| PROMPT |
Transcribe the data as written, minus images.

** Opening PROVIDED DATA block **

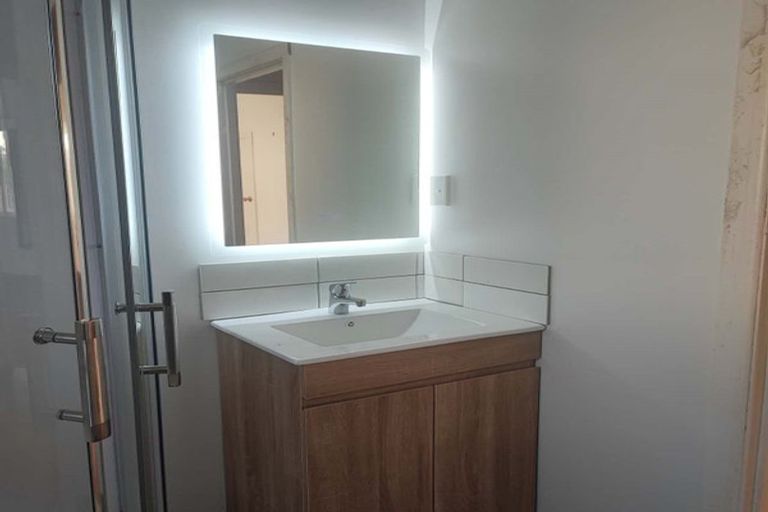 Photo of property in 37 Shoreham Street, Avondale, Auckland, 0600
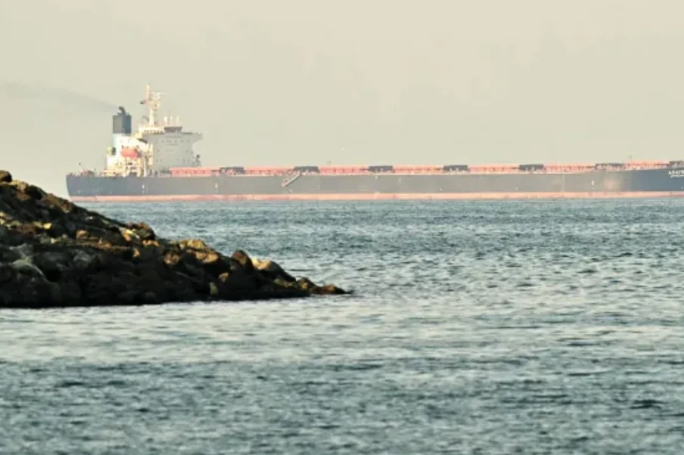 Üç minə qədər gəmi Hörmüz boğazından keçə bilmir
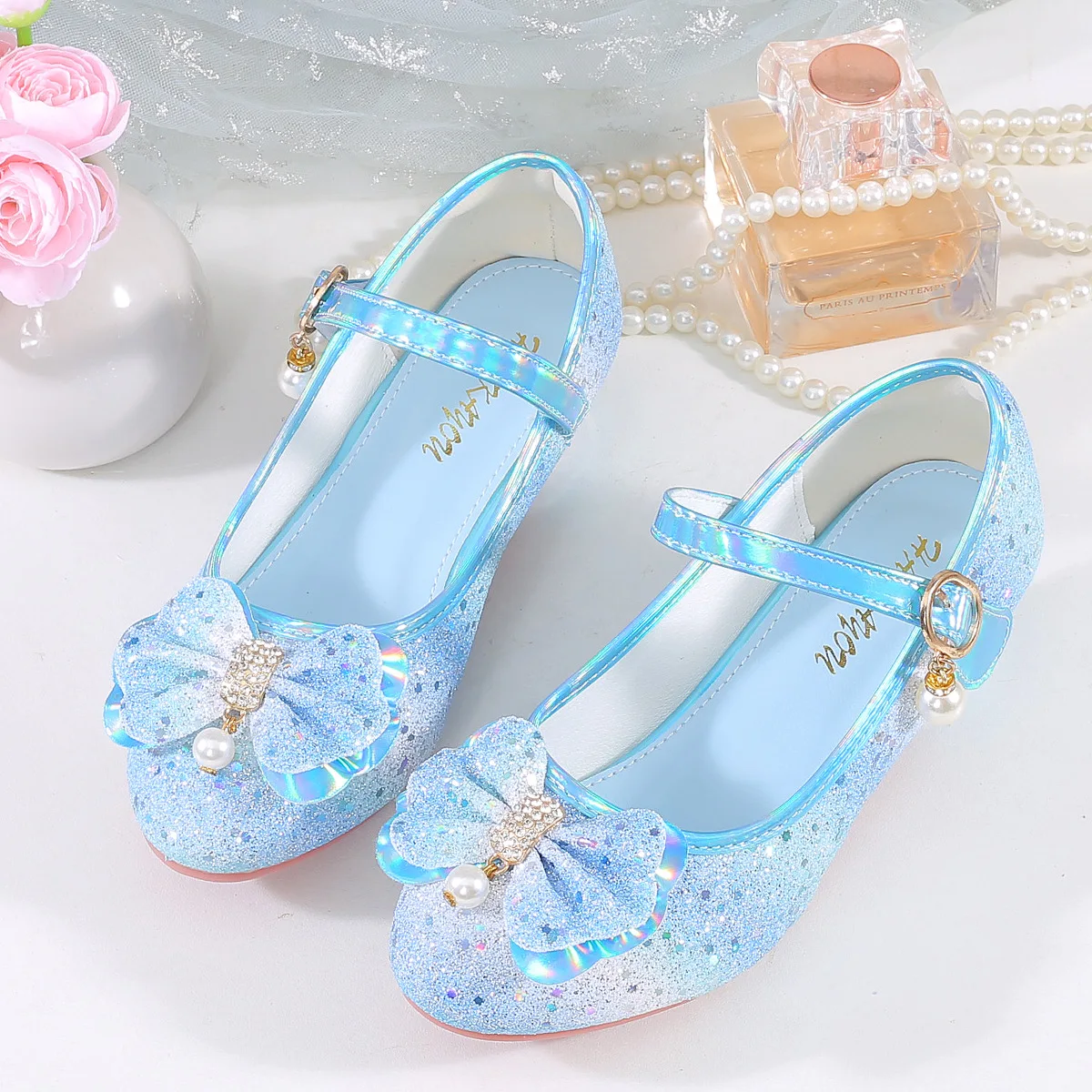 Princess Party Dress High Heels Children's Colorful Crystal Heel Shoes Student Party High-Quality Sandals Young Girls High Heels
Princess Party Dress High Heels Children's Colorful Crystal Heel Shoes Student Party High-Quality Sandals Young Girls High Heels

** Closing PROVIDED DATA block **

| REPLY |
 Photo of property in 37 Shoreham Street, Avondale, Auckland, 0600
 Üç minə qədər gəmi Hörmüz boğazından keçə bilmir
 Princess Party Dress High Heels Children's Colorful Crystal Heel Shoes Student Party High-Quality Sandals Young Girls High Heels
Princess Party Dress High Heels Children's Colorful Crystal Heel Shoes Student Party High-Quality Sandals Young Girls High Heels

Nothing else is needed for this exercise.